Jetzt ist Ihre Meinung gefragt zu *The Mandalorian: Deepfake eines Fans besser als Disney-Original (Spoiler!)*

						Im Staffelfinal der zweiten Season von The Mandalorian kommt es zu einem besonderen Wiedersehen. Ein Fan hat von diesen Szenen eine eigene Version erstellt, die für manche Fans besser geworden ist als das Disney-Original.

						Bitte beachten Sie: Der Kommentarbereich wird gemäß der Forenregeln moderiert. Allgemeine Fragen und Kritik zu Online-Artikeln von PC Games Hardware sind im Feedback-Unterforum zu veröffentlichen und nicht im Kommentarthread zu einer News. Dort werden sie ohne Nachfragen entfernt.




			Dieser Inhalt steht nur eingeloggten Mitgliedern zur Verfügung.
        

 Zurück zum Artikel: *The Mandalorian: Deepfake eines Fans besser als Disney-Original (Spoiler!)*


----------



## hRy1337 (27. Dezember 2020)

Gebt Shamook einen Job @Disney 🤟🏻


----------



## Grendizer (27. Dezember 2020)

Kommt nicht von mir, beschreibt es jedoch sehr gut: "es sind nicht die Effekte die Star Wars tragen, es sind die Geschichten, die Personen, die Legenden."

Die ganze Szene, die Ankunft, die ersten Bilder auf Schwarz-weiss Monitor, das grüne Lichtschwert, die enorme Leichtigkeit die Dark Troopers zu besiegen, die verschiedenen "Force Moves" und schlussendlich die Gewissheit...man war das emotional.

Bereits bei Rogue One war ich nicht so abgelenkt von Leia's Gesicht, weil ich mich nicht zwinge, jedes Detail des Gesichtes zu analysieren, sondern lasse die Szene einfach wirken. Natürlich war es nicht optimal und Uncanny Valley. Wenn man sich die React Videos anschaut, sieht man die Emotionen von den Leuten, wie sie auf den legendären Charakter reagieren, nicht auf die CGI Effekte, die sind in dem Moment weniger als zweitrangig.

Hoffe Disney hat aus The Mandalorian gelernt, dass es nicht um Effekthascherei geht, sondern um die Geschichte. Ich bin kein Sequel-Hasser, mir gefällt TLJ sogar sehr gut (außer die Kasinoplanetpassage), fand es logisch, dass Luke nach all den Jahren, so ein Griesgram wurde nach dem Schicksalsschlag, 

Nach dem Staffelfinale verstehe ich aber auch all die Fans besser, die sich in TLJ und RoS was anderes erwartet haben. Es war ein epischer Moment.


----------



## RedDragon20 (27. Dezember 2020)

hRy1337 schrieb:


> Gebt Shamook einen Job @Disney 🤟🏻


Oder der Typ, der daran bei Disney gearbeitet hat, muss seinen Job einfach besser machen.  

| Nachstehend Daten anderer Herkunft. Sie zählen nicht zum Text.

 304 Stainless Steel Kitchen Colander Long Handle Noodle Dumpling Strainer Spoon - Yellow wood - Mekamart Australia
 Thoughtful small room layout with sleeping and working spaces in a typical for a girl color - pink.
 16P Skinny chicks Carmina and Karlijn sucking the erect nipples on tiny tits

Ist aber nicht ungewöhnlich, dass Fans oder Privatpersonen sowas besser hinkriegen, als diejenigen, die an dem Medium gearbeitet haben.


----------



## Neawoulf (27. Dezember 2020)

Die Szene (die gesamte Folge) fand ich auch richtig gut. Leider sieht man hier immer noch, dass die Animationen nicht perfekt sind, aber da das Ausgangsmaterial nicht perfekt war, konnte der Deepfake-Ersteller hier wohl auch nicht viel machen. Trotzdem gut gemacht, als Deepfake tatsächlich noch ein kleines bisschen besser.

Und ich stimme Grendizer hier 100%ig zu: Star Wars sollte sich auf das Erzählen guter Geschichten konzentrieren. Wenn die Geschichte und die Charaktere stark genug sind, dann können CGI-Effekte (oder auch echte Special Effects mit Modellen, Kostümen, Masken etc.) das Ganze passend untermalen, aber Effekte sollten niemals im Vordergrund stehen.

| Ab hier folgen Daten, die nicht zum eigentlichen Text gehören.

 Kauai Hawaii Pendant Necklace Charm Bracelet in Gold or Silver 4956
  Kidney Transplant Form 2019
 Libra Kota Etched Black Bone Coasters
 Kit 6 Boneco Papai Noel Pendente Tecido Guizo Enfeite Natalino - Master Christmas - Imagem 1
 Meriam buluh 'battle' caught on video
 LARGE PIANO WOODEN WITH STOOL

Bei der Disney-Trilogie hatte ich tatsächlich genau diesen Eindruck: Man wollte visuell beeindrucken und hat dann irgendeine Geschichte drum gesponnen, die bekannte Elemente neu verwursten. The Mandalorian, vor allem ab Staffel 2, hat mir da deutlich besser gefallen.


----------



## facehugger (27. Dezember 2020)

Fans lieben ihr jeweiliges “Idol“. Deswegen steckt bei solchen kleinen Filmschnipseln oft mehr Herzblut dahinter wie bei großen (Hollywood)-Produktionen, die vor allem auf eines aus sind: möglichst viel Gewinn erwirtschaften...

Gruß


----------



## schluumi (27. Dezember 2020)

Grendizer schrieb:


> Hoffe Disney hat aus The Mandalorian gelernt, dass es nicht um Effekthascherei geht, sondern um die Geschichte.

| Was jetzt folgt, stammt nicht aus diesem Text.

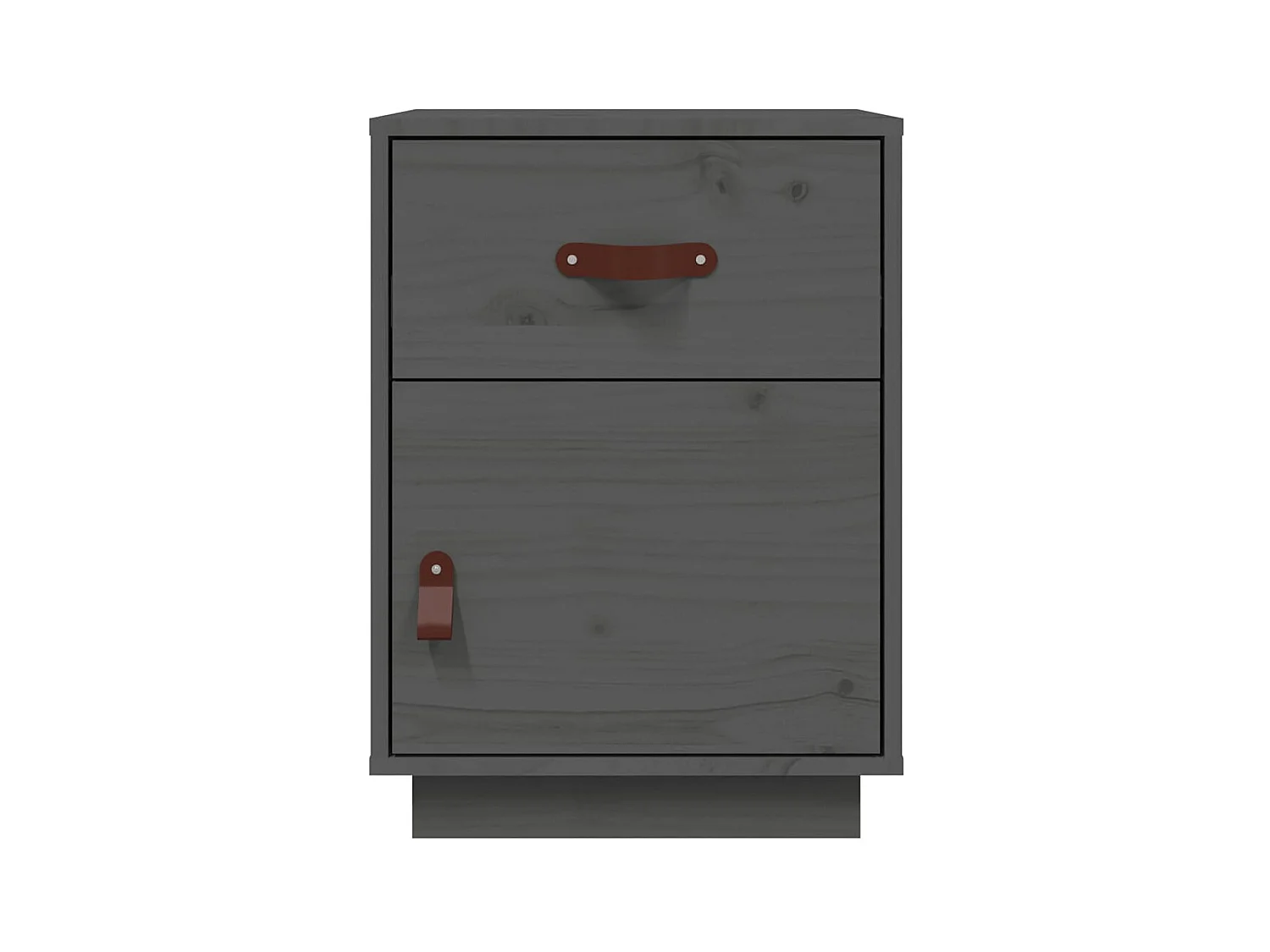 Mesitas de noche | Mesilla de noche 2 uds madera maciza de pino gris 40x34x55 cm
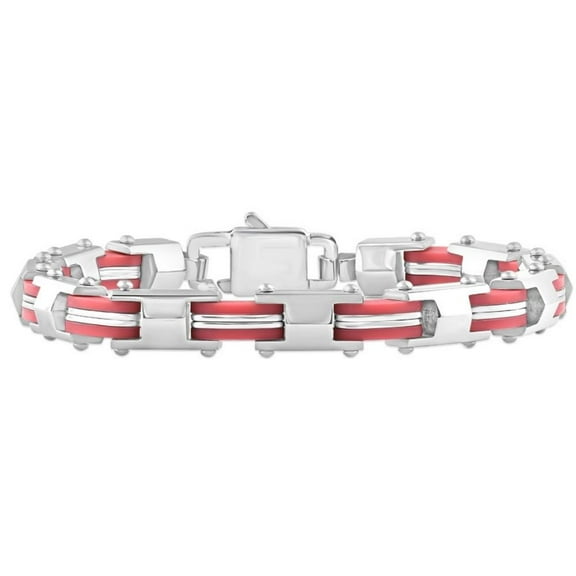Pompeii Men's Steel And Red Two Tone 8mm Link Flexible Trigger Clasp 8.5 " Bracelet (,)
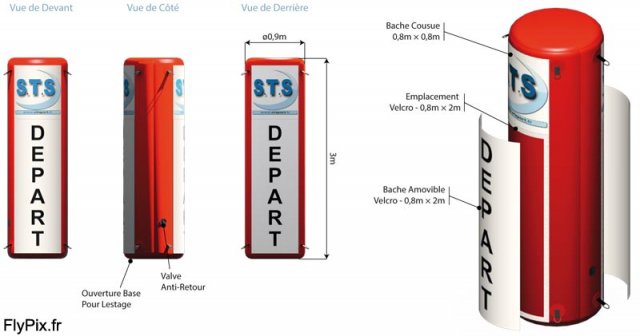 Totem gonflable publicitaire qui sera utilisé pour le balisage d'un circuit de piste de ski pour une compétition sportive dans une station de sport d'hiver.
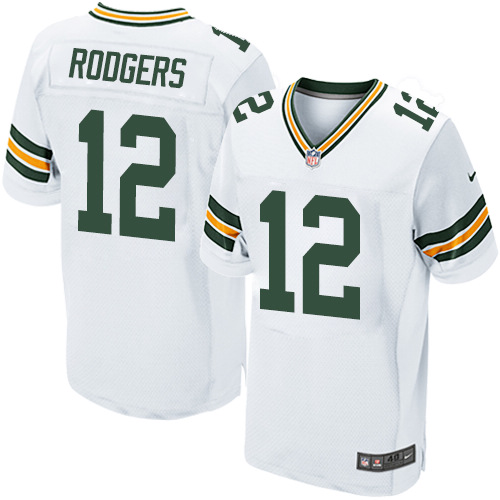 Men's Elite Aaron Rodgers Nike Jersey White Road - #12 NFL Green Bay Packers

Aber ist Mandalorian nicht das genaue Gegenteil? Das Konzept ist ja kaum eine stringente Handlung, als viel mehr eine Monster of the Week Formel, in der auf A-team artige Weise, auf immer neuen Planeten, den lokalen Dorfbewohnern kurz geholfen wird. Bisschen Fanservice und Namedropping machen für mich jetzt keine gute Story. Es wundert mich echt, dass das Konzept für viele so gut funktioniert tbh.


----------



## Grendizer (27. Dezember 2020)

schluumi schrieb:


> Aber ist Mandalorian nicht das genaue Gegenteil? Das Konzept ist ja kaum eine stringente Handlung, als viel mehr eine Monster of the Week Formel, in der auf A-team artige Weise, auf immer neuen Planeten, den lokalen Dorfbewohnern kurz geholfen wird. Bisschen Fanservice und Namedroping machen für mich jetzt keine gute Story. Es wundert mich echt, dass das Konzept für viele so gut funktioniert tbh.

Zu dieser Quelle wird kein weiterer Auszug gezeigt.